-- WORK TASK --
Return the lines that run from the beginning of the entries to the line holding "Once you've done", inclusive, and drop the pictures.

-- LISTED RECORDS --
************

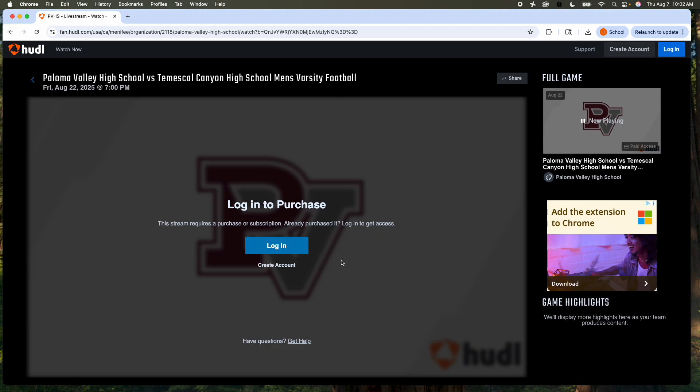This is our varsity football game. You're going to log in or create an account. The price is the same as a ticket to get into a game, but your whole family could watch it. So football games are $10, volleyball games are $6, lower level games are $6.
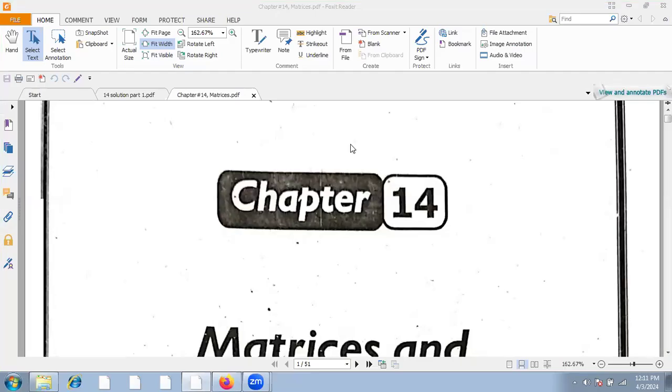Assalamualaikum. Today we have to start Chapter 14. We have already covered chapters 13, 15, and 16, and now we are going to study the matrix.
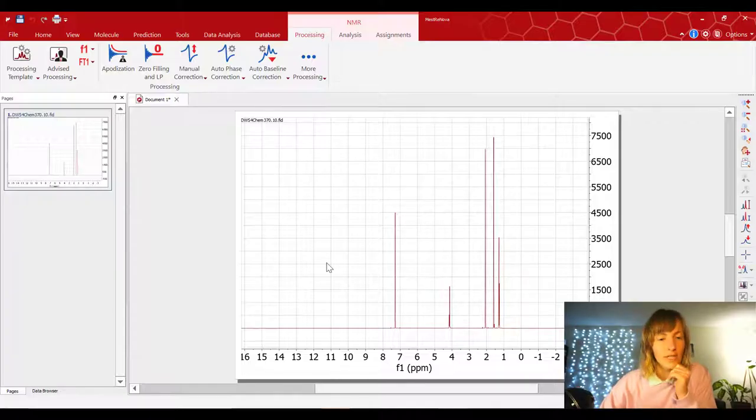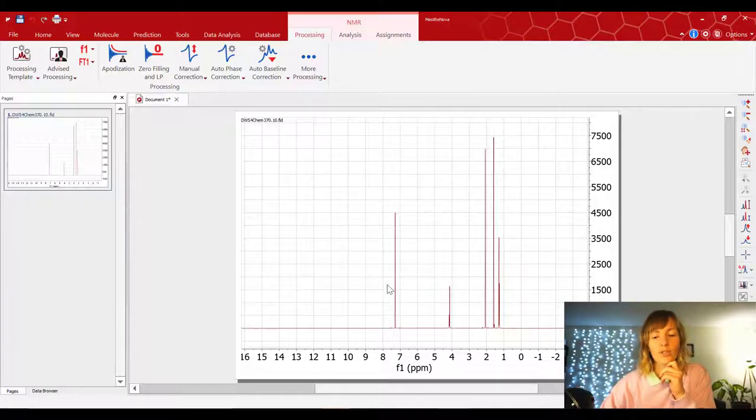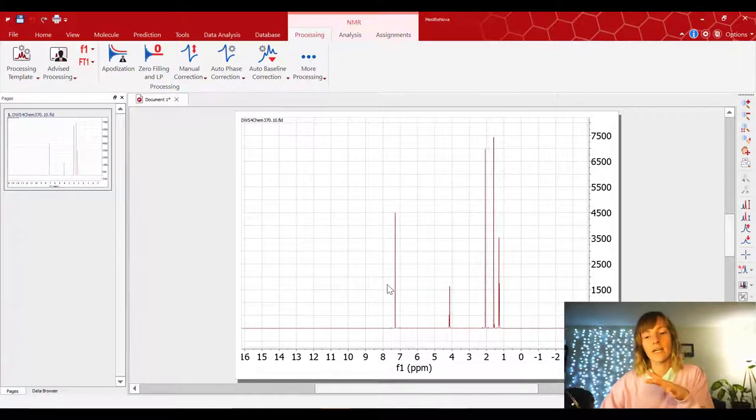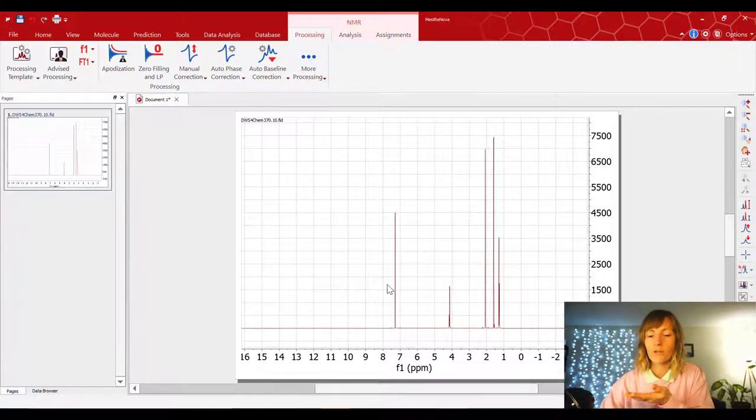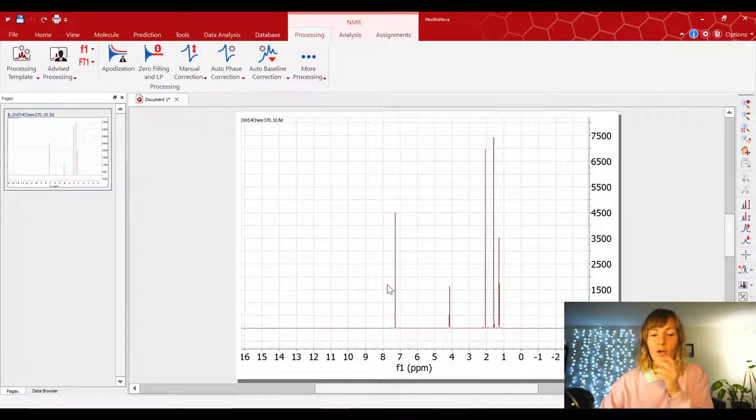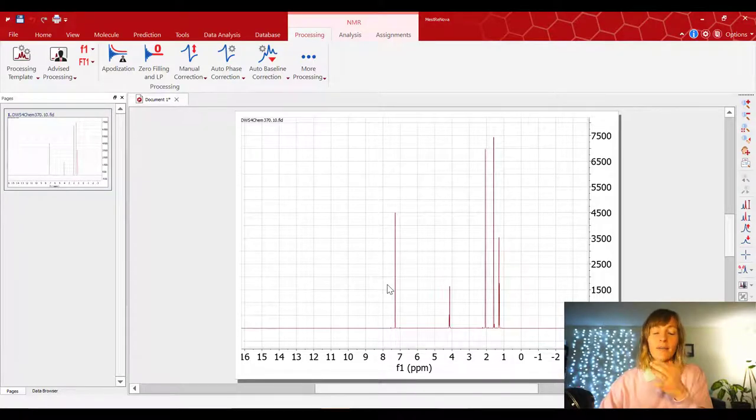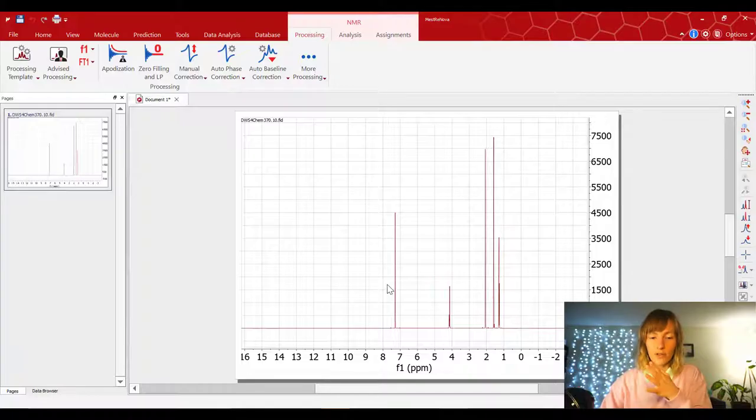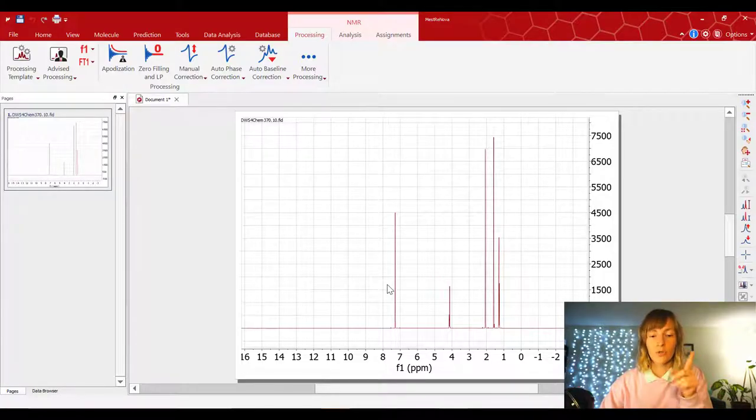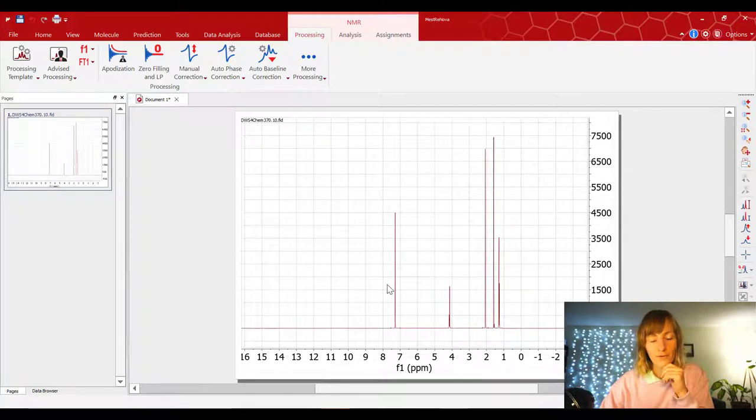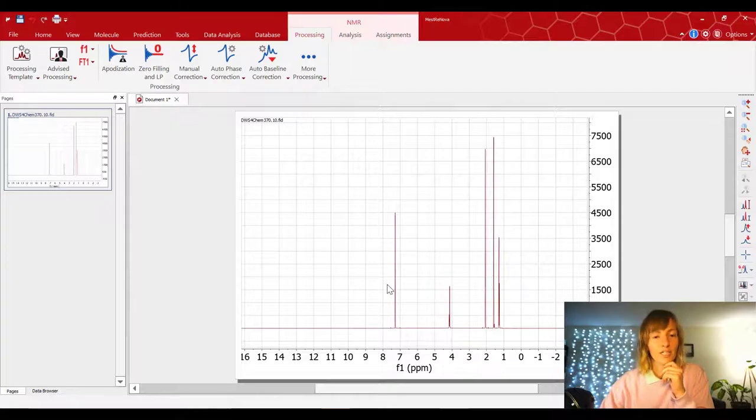Once you've done that, the next thing to do is to calibrate our spectrum. Remember I was saying oftentimes people will put this TMS molecule in there as a zero for calibration. We didn't put that in to our sample, but instead we have a little bit of proton containing chloroform, and we're gonna use that signal as our reference for the NMR spectrum.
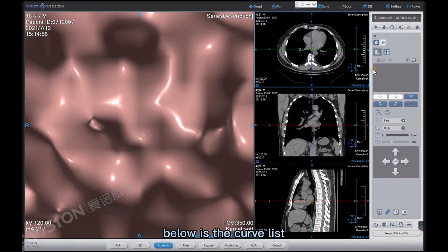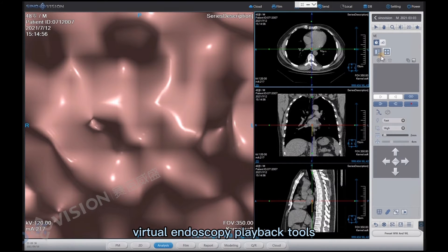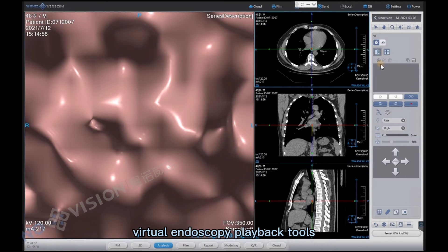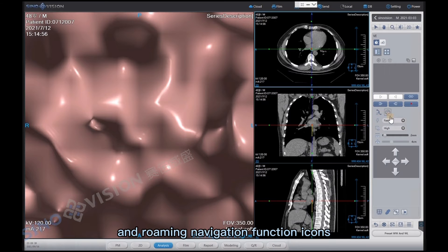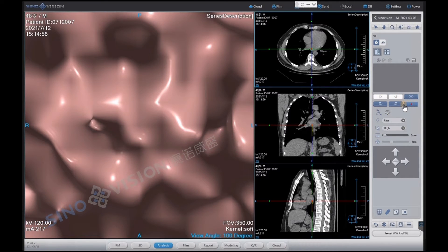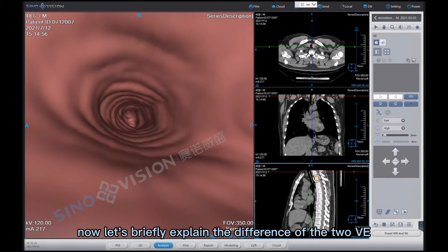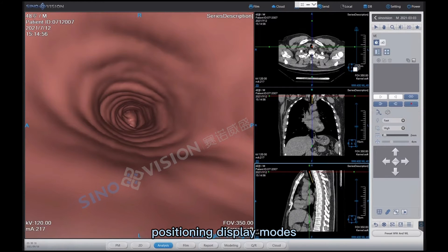Below is the curve list, virtual endoscopy playback tools, and roaming navigation function icons. Now let's briefly explain the difference of the two VE positioning display modes.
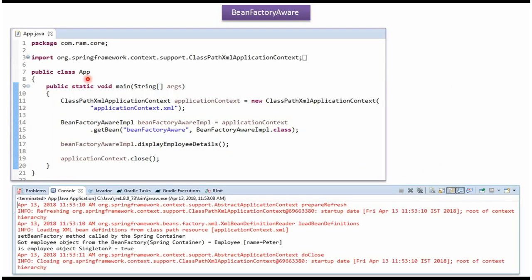Here I have defined the class App. Here I have created ApplicationContext object by reading Spring Configuration file. Using getBean method of ApplicationContext object, getting BeanFactoryAwareImple object from Spring Container and calling DisplayEmployeeDetails method.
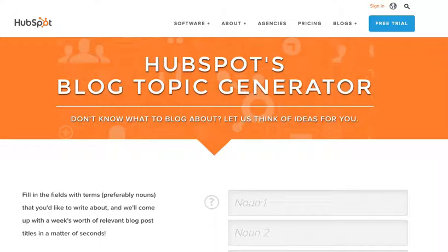Hi, Daria Jackson-Legonier coming at you from willyanddaria.com. In today's video, I'm going to show you how you can get great titles for your blog content.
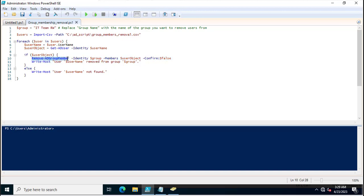It uses the command Remove-ADGroupMember — this is the PowerShell command for removing users from a group. The -Identity parameter takes the group name IT Team RW, and -Members takes the user. If the user is a member, they will be removed and a message is displayed: 'User [username] removed from group [group name].' If the user does not exist or is not part of the group, it prompts: 'User [username] not found.'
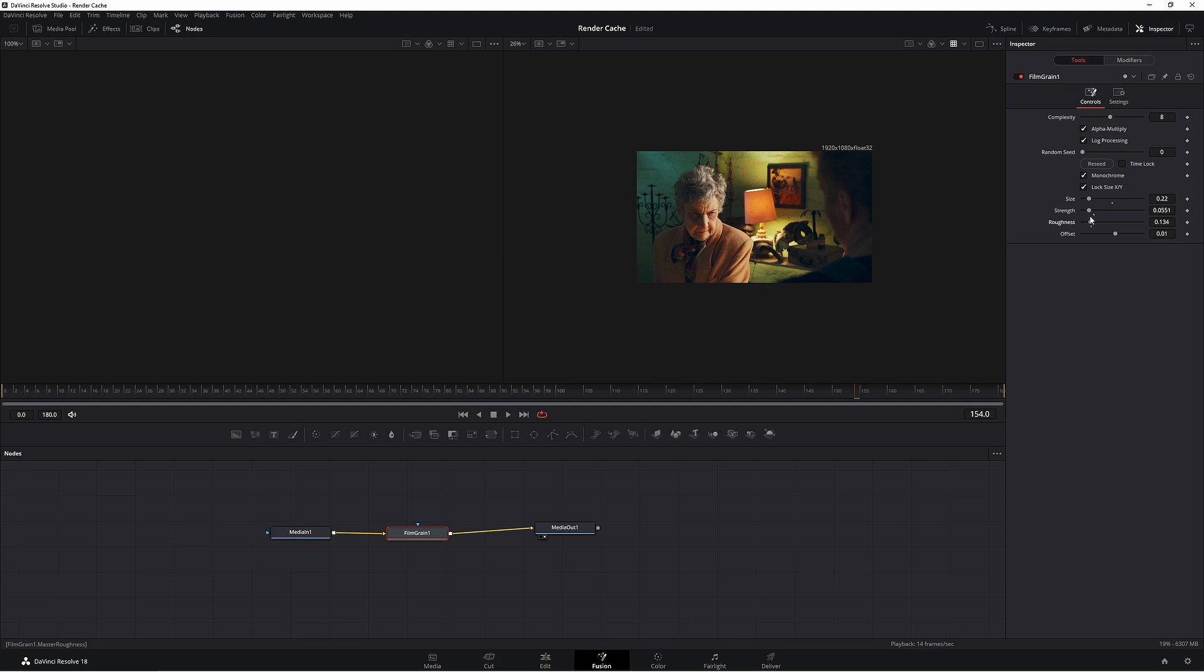But obviously if you went up to 400T film, maybe you'd increase the size of it and the strength, so you'd get more of an apparent look to it. That's the way I look at film grain. The faster the speed, the more grainier your image will be.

************

-- SOLUTION TO THE EXERCISE --
This is our varsity football game. You're going to log in or create an account. The price is the same as a ticket to get into a game, but your whole family could watch it. So football games are $10, volleyball games are $6, lower level games are $6.
Assalamualaikum. Today we have to start Chapter 14. We have already covered chapters 13, 15, and 16, and now we are going to study the matrix.
Once you've done that, the next thing to do is to calibrate our spectrum. Remember I was saying oftentimes people will put this TMS molecule in there as a zero for calibration. We didn't put that in to our sample, but instead we have a little bit of proton containing chloroform, and we're gonna use that signal as our reference for the NMR spectrum.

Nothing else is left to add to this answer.